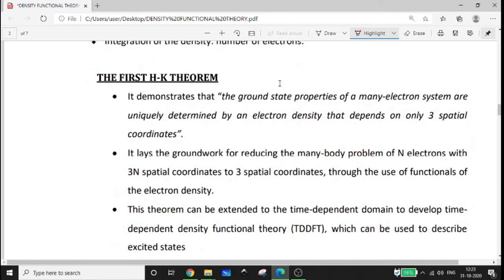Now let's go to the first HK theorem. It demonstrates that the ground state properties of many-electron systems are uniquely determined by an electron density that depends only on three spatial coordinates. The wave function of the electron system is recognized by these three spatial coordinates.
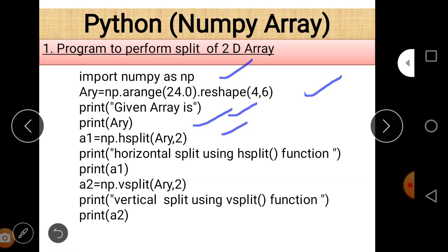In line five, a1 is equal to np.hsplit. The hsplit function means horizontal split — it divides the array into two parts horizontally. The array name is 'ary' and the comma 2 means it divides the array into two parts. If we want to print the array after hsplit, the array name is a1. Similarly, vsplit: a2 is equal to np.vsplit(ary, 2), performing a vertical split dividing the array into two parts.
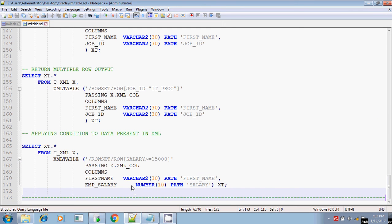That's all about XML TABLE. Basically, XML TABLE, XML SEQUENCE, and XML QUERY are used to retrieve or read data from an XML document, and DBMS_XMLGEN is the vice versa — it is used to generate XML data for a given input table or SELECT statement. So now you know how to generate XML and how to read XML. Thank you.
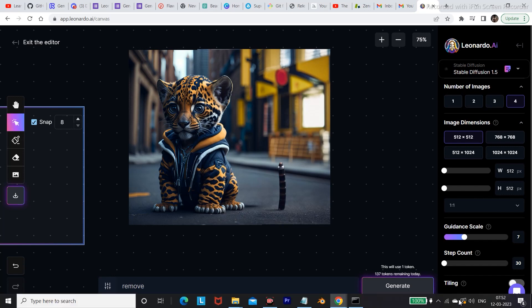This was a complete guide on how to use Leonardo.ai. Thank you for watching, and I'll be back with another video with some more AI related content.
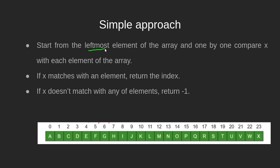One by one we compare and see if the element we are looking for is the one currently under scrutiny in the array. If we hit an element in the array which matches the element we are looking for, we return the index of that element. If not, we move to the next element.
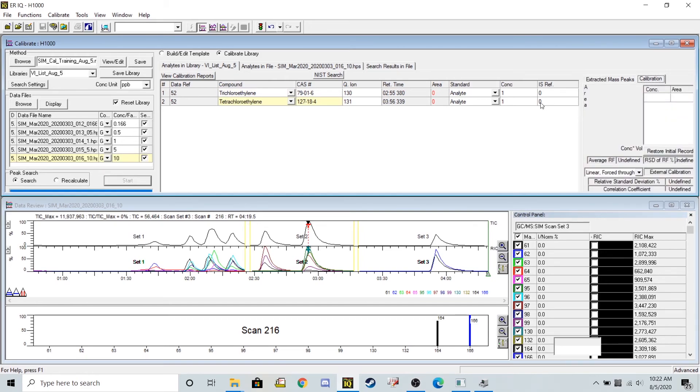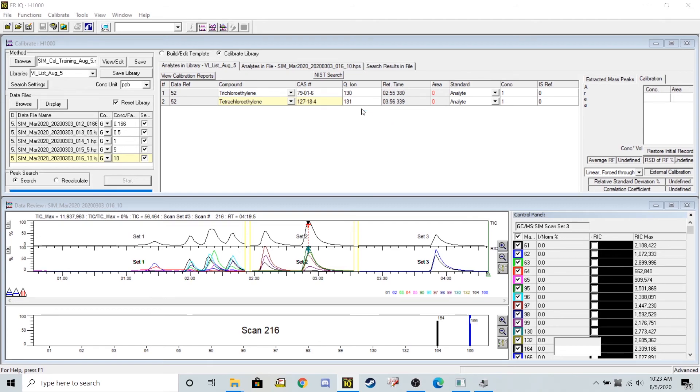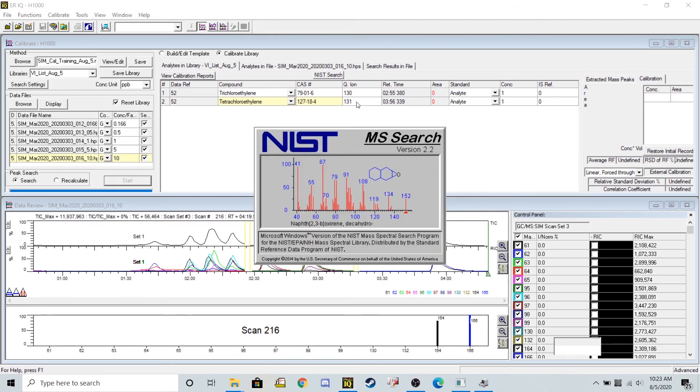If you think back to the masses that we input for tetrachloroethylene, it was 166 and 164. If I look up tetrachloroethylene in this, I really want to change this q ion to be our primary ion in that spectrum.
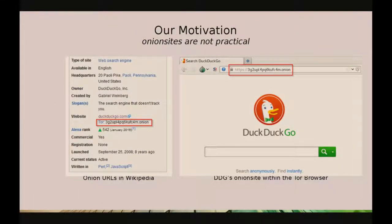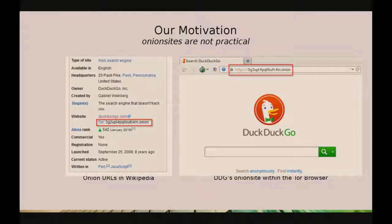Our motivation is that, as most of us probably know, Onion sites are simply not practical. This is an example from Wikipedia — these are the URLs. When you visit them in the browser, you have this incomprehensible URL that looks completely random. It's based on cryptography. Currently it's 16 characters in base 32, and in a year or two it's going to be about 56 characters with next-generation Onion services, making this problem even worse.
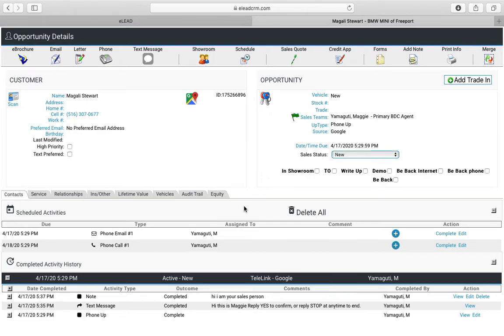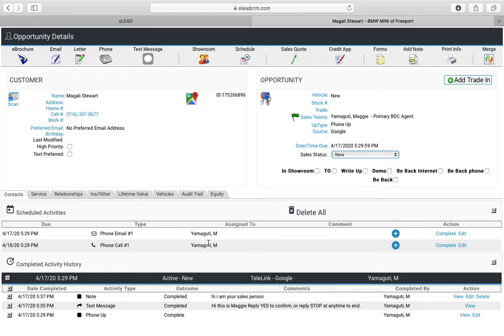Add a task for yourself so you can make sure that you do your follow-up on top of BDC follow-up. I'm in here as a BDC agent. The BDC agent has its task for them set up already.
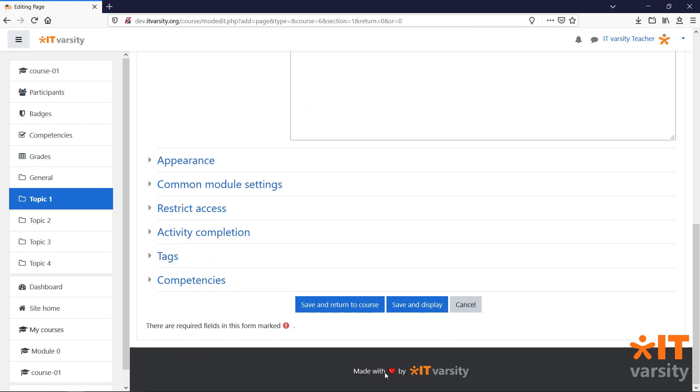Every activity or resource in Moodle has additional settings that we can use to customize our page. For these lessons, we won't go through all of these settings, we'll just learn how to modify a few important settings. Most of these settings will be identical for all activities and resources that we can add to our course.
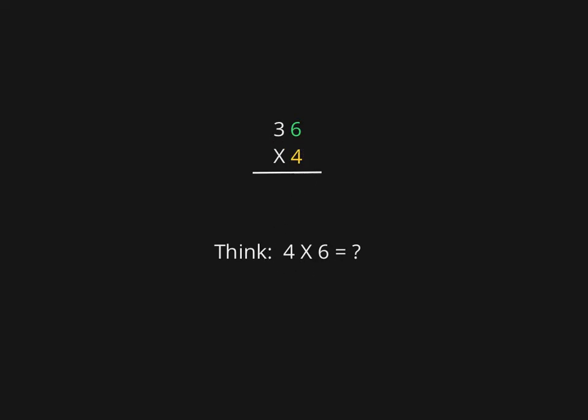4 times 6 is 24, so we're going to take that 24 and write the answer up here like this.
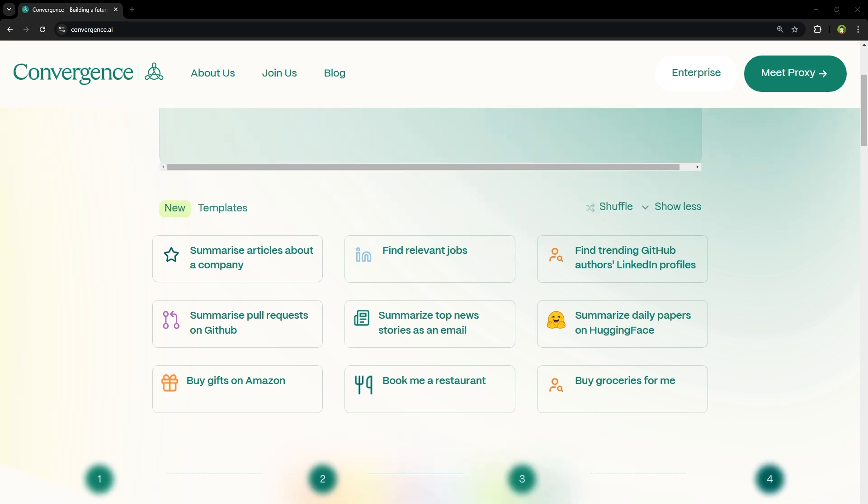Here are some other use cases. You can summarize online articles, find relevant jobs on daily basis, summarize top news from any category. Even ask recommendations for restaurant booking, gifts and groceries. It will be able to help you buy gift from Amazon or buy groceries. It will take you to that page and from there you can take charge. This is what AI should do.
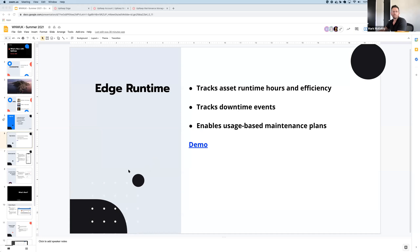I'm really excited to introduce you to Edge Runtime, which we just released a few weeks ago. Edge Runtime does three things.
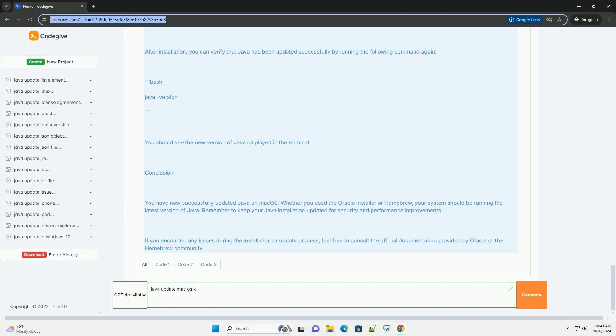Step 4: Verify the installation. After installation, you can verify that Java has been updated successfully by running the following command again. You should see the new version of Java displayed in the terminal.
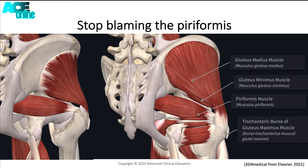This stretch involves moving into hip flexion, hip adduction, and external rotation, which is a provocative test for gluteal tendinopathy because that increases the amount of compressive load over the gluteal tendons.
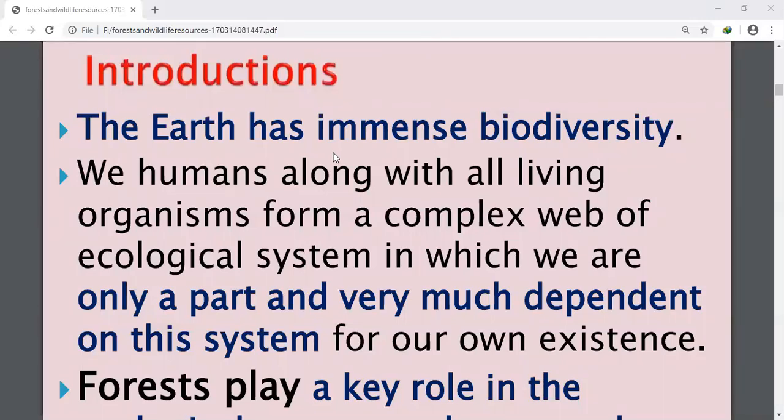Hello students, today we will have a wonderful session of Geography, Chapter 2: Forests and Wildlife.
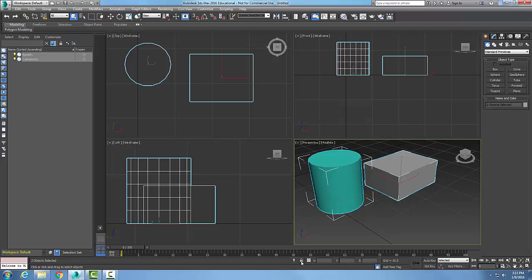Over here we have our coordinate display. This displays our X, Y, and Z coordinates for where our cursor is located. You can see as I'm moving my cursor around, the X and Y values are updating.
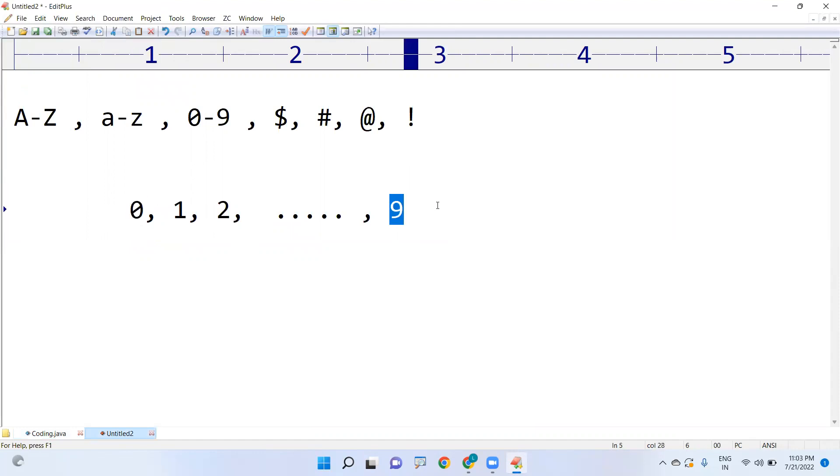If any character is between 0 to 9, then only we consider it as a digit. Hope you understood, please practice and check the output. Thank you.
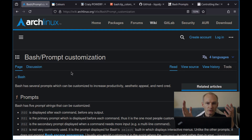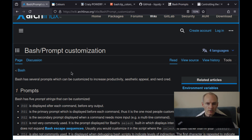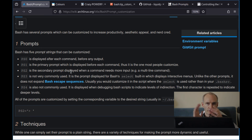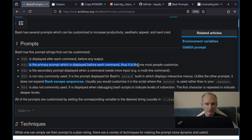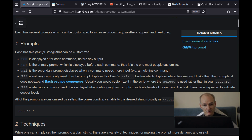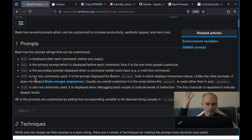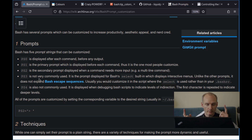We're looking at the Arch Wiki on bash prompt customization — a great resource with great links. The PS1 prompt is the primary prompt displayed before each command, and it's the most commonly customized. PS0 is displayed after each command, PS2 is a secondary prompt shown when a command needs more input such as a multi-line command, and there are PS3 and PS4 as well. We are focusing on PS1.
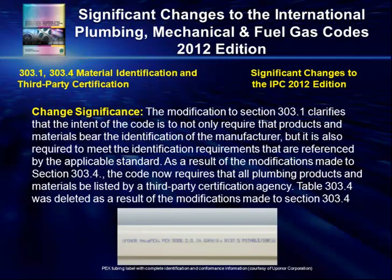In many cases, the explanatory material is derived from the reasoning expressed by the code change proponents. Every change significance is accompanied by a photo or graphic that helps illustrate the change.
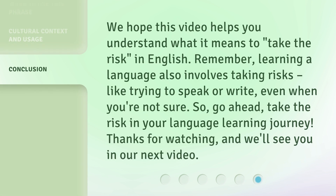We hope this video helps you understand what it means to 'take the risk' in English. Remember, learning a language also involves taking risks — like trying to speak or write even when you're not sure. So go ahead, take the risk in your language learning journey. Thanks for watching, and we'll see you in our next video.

PROBLEM: Skip the images and restate each record above word for word.

WORKED SOLUTION:
Now let's go to the first HK theorem. It demonstrates that the ground state properties of many-electron systems are uniquely determined by an electron density that depends only on three spatial coordinates. The wave function of the electron system is recognized by these three spatial coordinates.
In line five, a1 is equal to np.hsplit. The hsplit function means horizontal split — it divides the array into two parts horizontally. The array name is 'ary' and the comma 2 means it divides the array into two parts. If we want to print the array after hsplit, the array name is a1. Similarly, vsplit: a2 is equal to np.vsplit(ary, 2), performing a vertical split dividing the array into two parts.
That's all about XML TABLE. Basically, XML TABLE, XML SEQUENCE, and XML QUERY are used to retrieve or read data from an XML document, and DBMS_XMLGEN is the vice versa — it is used to generate XML data for a given input table or SELECT statement. So now you know how to generate XML and how to read XML. Thank you.
This was a complete guide on how to use Leonardo.ai. Thank you for watching, and I'll be back with another video with some more AI related content.
One by one we compare and see if the element we are looking for is the one currently under scrutiny in the array. If we hit an element in the array which matches the element we are looking for, we return the index of that element. If not, we move to the next element.
If you think back to the masses that we input for tetrachloroethylene, it was 166 and 164. If I look up tetrachloroethylene in this, I really want to change this q ion to be our primary ion in that spectrum.
Our motivation is that, as most of us probably know, Onion sites are simply not practical. This is an example from Wikipedia — these are the URLs. When you visit them in the browser, you have this incomprehensible URL that looks completely random. It's based on cryptography. Currently it's 16 characters in base 32, and in a year or two it's going to be about 56 characters with next-generation Onion services, making this problem even worse.
Add a task for yourself so you can make sure that you do your follow-up on top of BDC follow-up. I'm in here as a BDC agent. The BDC agent has its task for them set up already.
Every activity or resource in Moodle has additional settings that we can use to customize our page. For these lessons, we won't go through all of these settings, we'll just learn how to modify a few important settings. Most of these settings will be identical for all activities and resources that we can add to our course.
4 times 6 is 24, so we're going to take that 24 and write the answer up here like this.
Here are some other use cases. You can summarize online articles, find relevant jobs on daily basis, summarize top news from any category. Even ask recommendations for restaurant booking, gifts and groceries. It will be able to help you buy gift from Amazon or buy groceries. It will take you to that page and from there you can take charge. This is what AI should do.
I'm really excited to introduce you to Edge Runtime, which we just released a few weeks ago. Edge Runtime does three things.
Step 4: Verify the installation. After installation, you can verify that Java has been updated successfully by running the following command again. You should see the new version of Java displayed in the terminal.
This stretch involves moving into hip flexion, hip adduction, and external rotation, which is a provocative test for gluteal tendinopathy because that increases the amount of compressive load over the gluteal tendons.
Hello students, today we will have a wonderful session of Geography, Chapter 2: Forests and Wildlife.
Over here we have our coordinate display. This displays our X, Y, and Z coordinates for where our cursor is located. You can see as I'm moving my cursor around, the X and Y values are updating.
If any character is between 0 to 9, then only we consider it as a digit. Hope you understood, please practice and check the output. Thank you.
We're looking at the Arch Wiki on bash prompt customization — a great resource with great links. The PS1 prompt is the primary prompt displayed before each command, and it's the most commonly customized. PS0 is displayed after each command, PS2 is a secondary prompt shown when a command needs more input such as a multi-line command, and there are PS3 and PS4 as well. We are focusing on PS1.
In many cases, the explanatory material is derived from the reasoning expressed by the code change proponents. Every change significance is accompanied by a photo or graphic that helps illustrate the change.
We hope this video helps you understand what it means to 'take the risk' in English. Remember, learning a language also involves taking risks — like trying to speak or write even when you're not sure. So go ahead, take the risk in your language learning journey. Thanks for watching, and we'll see you in our next video.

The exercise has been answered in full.